São Paulo — Hoje é dia de derby em São Paulo. Um time vestindo uniforme alvinegro enfrenta um adversário de verde. O roteiro bem parece o de clássico paulista do futebol, mas quem joga na verdade é o esporte homônimo americano. Pela primeira vez na história, os gigantes da National Football League (NFL) desembarcam na América do Sul e o Brasil foi o escolhido como palco para Philadelphia Eagles e Green Bay Packers, às 21h15, na Neo Química Arena, a casa do Corinthians. Com mistura de ritmo brasileiro com o estadunidense, o jogo ganha forma de espetáculo, com apresentações de Luísa Sonza, Anitta e participação especial do astro The Weekend.
Sobram motivos especiais para descrever a partida.

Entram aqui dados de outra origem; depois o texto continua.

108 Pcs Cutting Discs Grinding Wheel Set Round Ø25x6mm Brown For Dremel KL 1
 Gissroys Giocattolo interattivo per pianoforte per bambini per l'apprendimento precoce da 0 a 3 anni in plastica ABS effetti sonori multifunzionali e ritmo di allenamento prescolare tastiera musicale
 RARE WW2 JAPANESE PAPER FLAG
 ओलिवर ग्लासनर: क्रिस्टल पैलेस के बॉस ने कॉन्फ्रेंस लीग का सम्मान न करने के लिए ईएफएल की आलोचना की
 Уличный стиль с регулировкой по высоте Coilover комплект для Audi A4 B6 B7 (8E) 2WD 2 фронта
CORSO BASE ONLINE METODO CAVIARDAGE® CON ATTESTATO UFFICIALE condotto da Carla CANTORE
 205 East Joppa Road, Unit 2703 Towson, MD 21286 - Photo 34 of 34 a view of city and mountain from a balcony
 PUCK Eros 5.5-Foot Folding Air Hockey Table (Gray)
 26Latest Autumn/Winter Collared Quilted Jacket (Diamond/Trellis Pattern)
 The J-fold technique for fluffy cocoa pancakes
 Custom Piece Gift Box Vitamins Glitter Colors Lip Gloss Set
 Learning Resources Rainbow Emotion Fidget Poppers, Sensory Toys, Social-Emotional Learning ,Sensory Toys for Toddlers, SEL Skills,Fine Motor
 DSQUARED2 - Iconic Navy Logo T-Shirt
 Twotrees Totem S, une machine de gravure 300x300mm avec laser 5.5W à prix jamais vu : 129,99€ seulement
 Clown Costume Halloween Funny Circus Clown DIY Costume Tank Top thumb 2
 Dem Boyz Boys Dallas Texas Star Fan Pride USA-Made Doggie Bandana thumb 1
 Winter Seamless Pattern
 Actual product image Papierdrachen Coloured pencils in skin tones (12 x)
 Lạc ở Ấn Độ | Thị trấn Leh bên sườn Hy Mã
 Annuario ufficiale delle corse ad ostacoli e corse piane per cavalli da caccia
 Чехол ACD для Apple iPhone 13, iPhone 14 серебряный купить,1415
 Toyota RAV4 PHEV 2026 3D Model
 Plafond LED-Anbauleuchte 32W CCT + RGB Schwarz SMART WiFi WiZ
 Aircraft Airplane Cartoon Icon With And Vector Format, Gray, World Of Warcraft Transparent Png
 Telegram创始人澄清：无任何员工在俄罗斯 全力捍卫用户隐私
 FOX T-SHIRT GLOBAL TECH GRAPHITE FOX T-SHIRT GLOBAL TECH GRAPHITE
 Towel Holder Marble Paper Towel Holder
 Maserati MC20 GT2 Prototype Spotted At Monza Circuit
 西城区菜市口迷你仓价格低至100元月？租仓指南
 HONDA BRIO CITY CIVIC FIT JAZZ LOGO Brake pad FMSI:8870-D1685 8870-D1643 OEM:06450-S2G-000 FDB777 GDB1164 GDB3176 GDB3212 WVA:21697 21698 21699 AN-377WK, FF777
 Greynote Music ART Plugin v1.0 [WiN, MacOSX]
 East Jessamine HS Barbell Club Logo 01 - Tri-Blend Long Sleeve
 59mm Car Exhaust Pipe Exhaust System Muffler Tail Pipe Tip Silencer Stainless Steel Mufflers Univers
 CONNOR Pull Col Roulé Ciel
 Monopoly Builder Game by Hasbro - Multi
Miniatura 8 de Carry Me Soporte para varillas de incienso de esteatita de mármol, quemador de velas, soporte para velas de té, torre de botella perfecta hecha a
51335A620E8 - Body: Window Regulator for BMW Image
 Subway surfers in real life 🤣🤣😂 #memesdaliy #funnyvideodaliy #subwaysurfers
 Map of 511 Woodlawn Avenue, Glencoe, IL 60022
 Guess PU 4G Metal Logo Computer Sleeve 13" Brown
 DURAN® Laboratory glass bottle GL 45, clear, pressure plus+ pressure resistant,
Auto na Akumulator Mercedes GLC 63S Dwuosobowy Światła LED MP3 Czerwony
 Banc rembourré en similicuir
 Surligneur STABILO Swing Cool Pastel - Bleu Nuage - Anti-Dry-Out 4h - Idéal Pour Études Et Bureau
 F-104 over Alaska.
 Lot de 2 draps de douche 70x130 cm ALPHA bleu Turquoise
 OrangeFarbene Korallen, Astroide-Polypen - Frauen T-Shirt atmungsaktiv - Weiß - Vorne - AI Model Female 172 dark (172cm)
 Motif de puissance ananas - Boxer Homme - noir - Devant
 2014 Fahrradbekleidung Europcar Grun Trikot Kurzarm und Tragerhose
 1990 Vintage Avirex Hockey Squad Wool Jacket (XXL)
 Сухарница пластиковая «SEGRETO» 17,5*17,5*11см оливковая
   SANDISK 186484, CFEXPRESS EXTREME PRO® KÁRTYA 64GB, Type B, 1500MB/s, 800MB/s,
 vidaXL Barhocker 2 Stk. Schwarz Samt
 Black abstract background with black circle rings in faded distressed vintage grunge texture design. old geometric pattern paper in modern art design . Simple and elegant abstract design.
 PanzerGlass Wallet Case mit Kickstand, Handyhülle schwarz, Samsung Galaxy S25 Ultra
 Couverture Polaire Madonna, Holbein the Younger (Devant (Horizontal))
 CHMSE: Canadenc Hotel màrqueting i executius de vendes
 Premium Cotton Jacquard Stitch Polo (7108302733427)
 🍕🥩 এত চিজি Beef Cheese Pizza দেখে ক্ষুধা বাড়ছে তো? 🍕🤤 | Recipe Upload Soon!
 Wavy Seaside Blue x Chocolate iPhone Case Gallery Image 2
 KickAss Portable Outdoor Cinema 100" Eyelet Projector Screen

Além de ser a visita inaugural da liga ao sul do continente americano, será a primeira vez, desde 1970, que um jogo da semana de abertura é realizado em uma sexta-feira. O centro dos holofotes e a participação do momento histórico virou motivo de celebração para os técnicos das equipes.
"Estamos muito animados por estar no Brasil, é uma honra. Estamos ansiosos para fazer história. A viagem é longa, mas isso é normal. De resto, a comida, as pessoas e tudo foi nota A+. É um privilégio. Jogar em casa, fora ou no exterior é uma ótima oportunidade para os jogadores e o nosso time mostrarem ao mundo quem somos", comentou o técnico Matt LaFleur, do Packers.
"Queremos tentar manter a normalidade, assim como faríamos na Philadelphia ou em qualquer outra cidade. Vamos fazer nosso trabalho e vencer um jogo de futebol, é nosso objetivo e o motivo de estarmos aqui. Estou há muitos anos na NFL e nunca estive em um jogo internacional, então estamos animados em jogar para essas pessoas. Tomara que eles possam ver um bom jogo e se apaixonem pelo esporte, assim como aconteceu com vários de nós", disse Nick Sirianni, head coach dos Eagles.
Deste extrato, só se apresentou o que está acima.